» **WORK INSTRUCTIONS**
In the records below, find the line containing "used 2019 Lexus NX 300 car", then copy that line and all lines after it, exactly, omitting every picture.

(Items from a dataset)

⟨

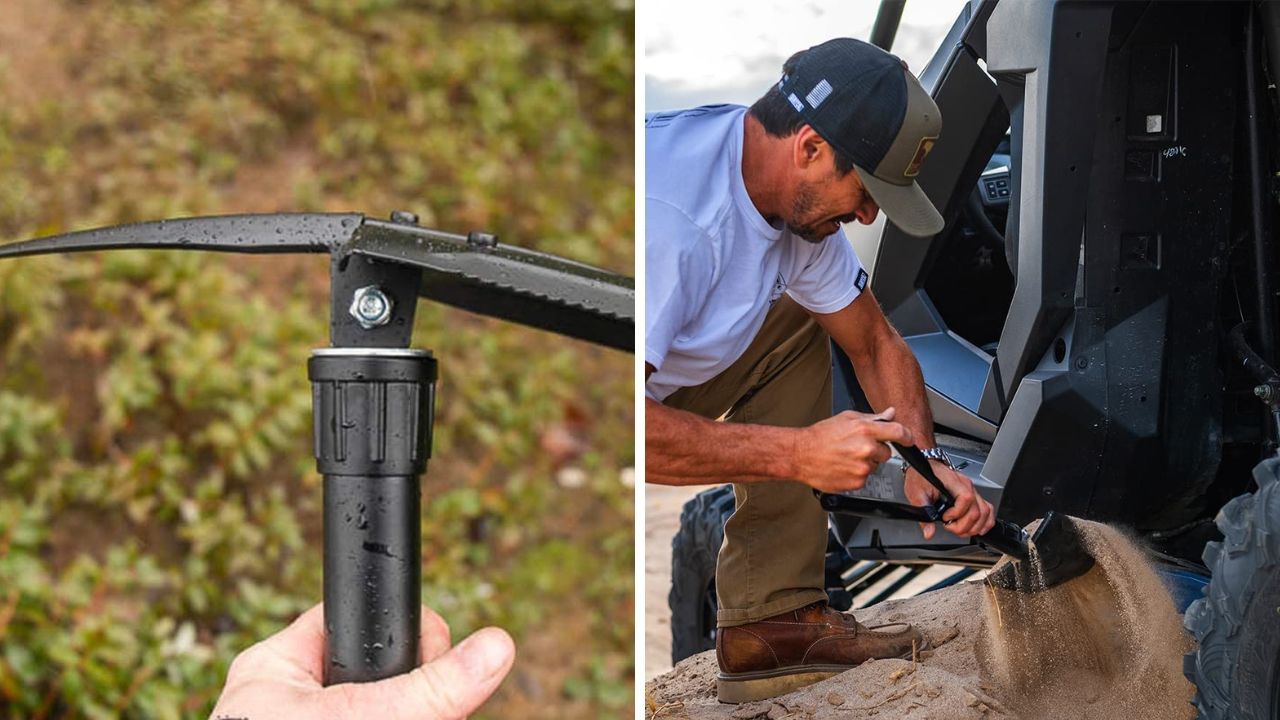 Best Camping Shovel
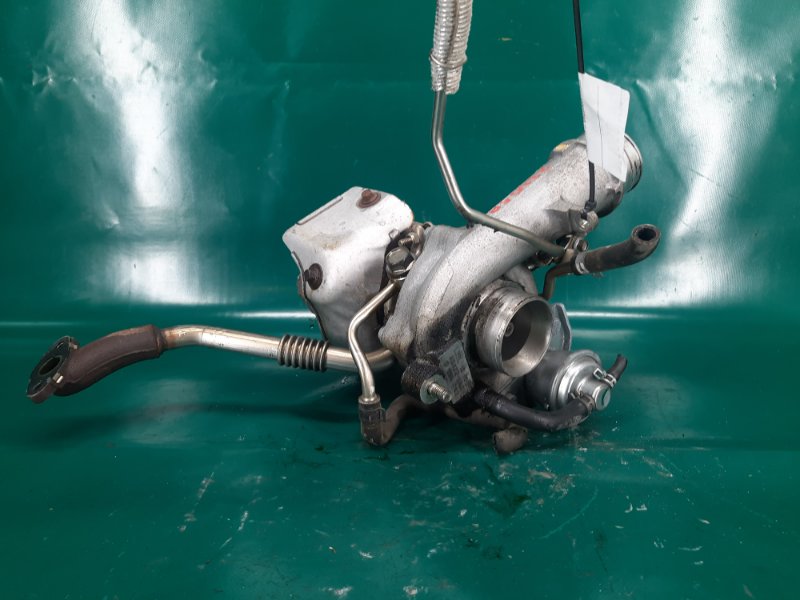 Турбина CX-7 06-12 2010 Внедорожник 2.3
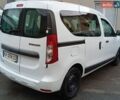 Белый Рено Dokker, объемом двигателя 1.5 л и пробегом 287 тыс. км за 9500 $, фото 1 на Automoto.ua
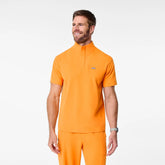 Walden Mock-Neck Scrub Top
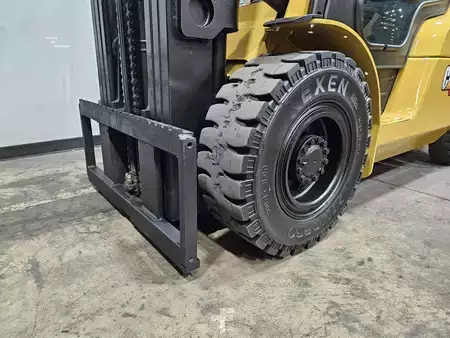 Montacargas GLP 2021  CAT Lift Trucks GP50CN (19)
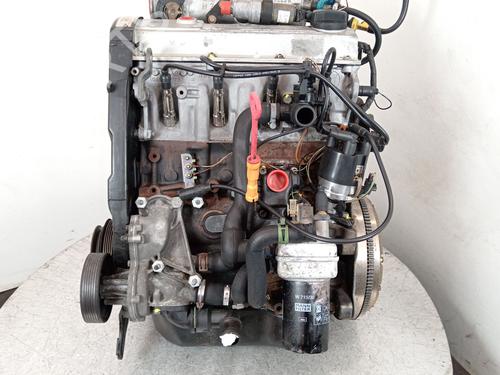 Used Engine Engine VW GOLF III (1H1) 2.0 (115 hp) 34372766 34372766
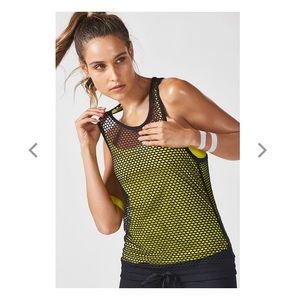 Fabletics- S Carly Tank (2 tanks!)- NWT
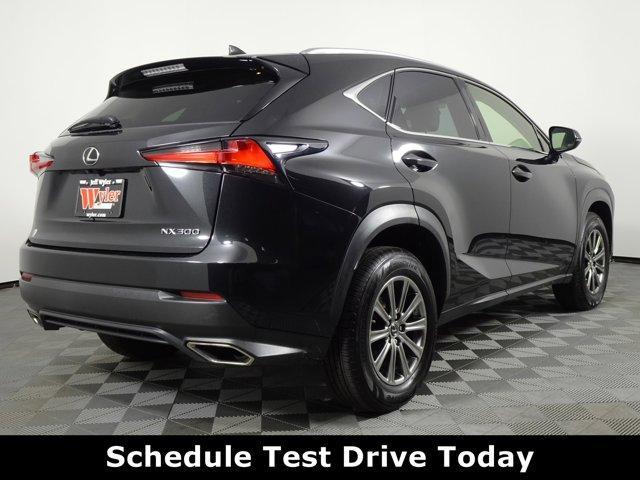 used 2019 Lexus NX 300 car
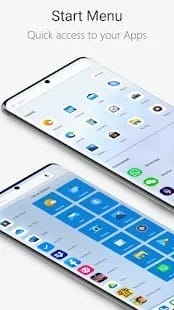 Computer launcher 2 pro mod apk 11.14 unlocked1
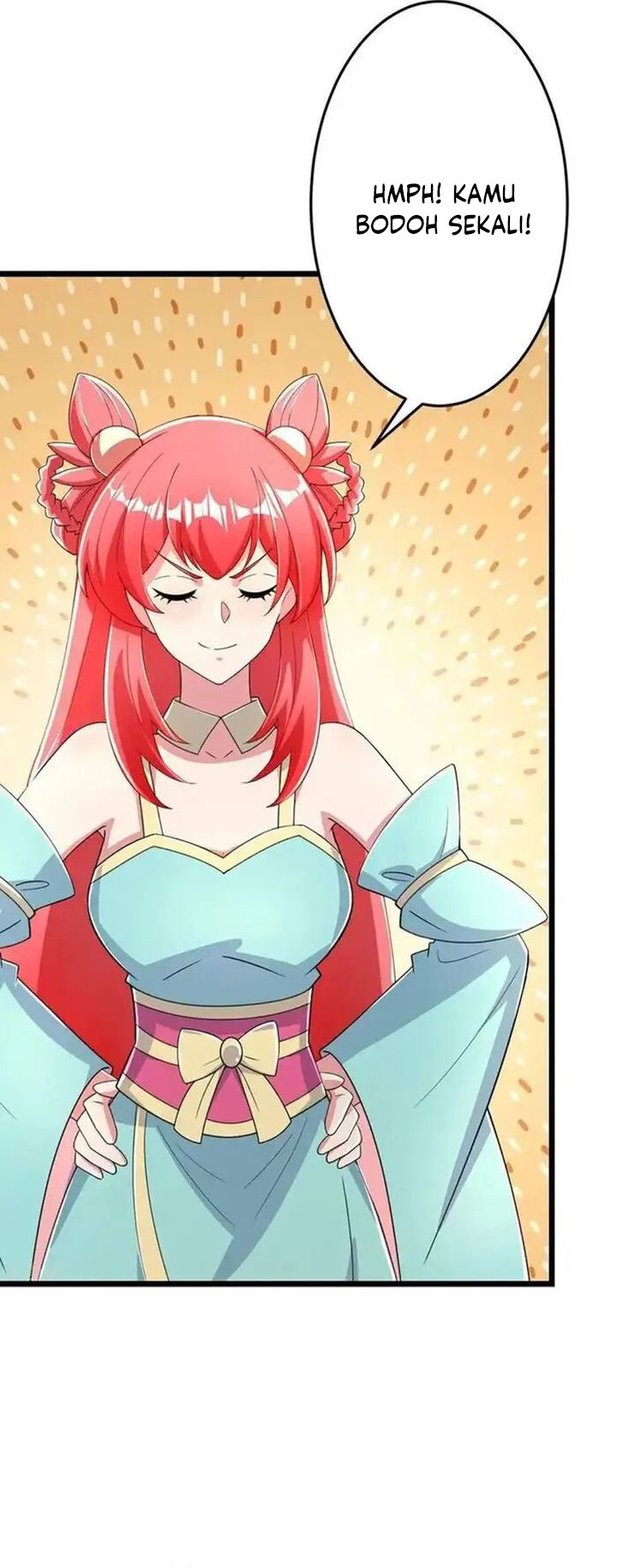 Against the Gods Chapter 675 Gambar 17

⟩

» **RESULT OF THE EXERCISE**
 used 2019 Lexus NX 300 car
 Computer launcher 2 pro mod apk 11.14 unlocked1
 Against the Gods Chapter 675 Gambar 17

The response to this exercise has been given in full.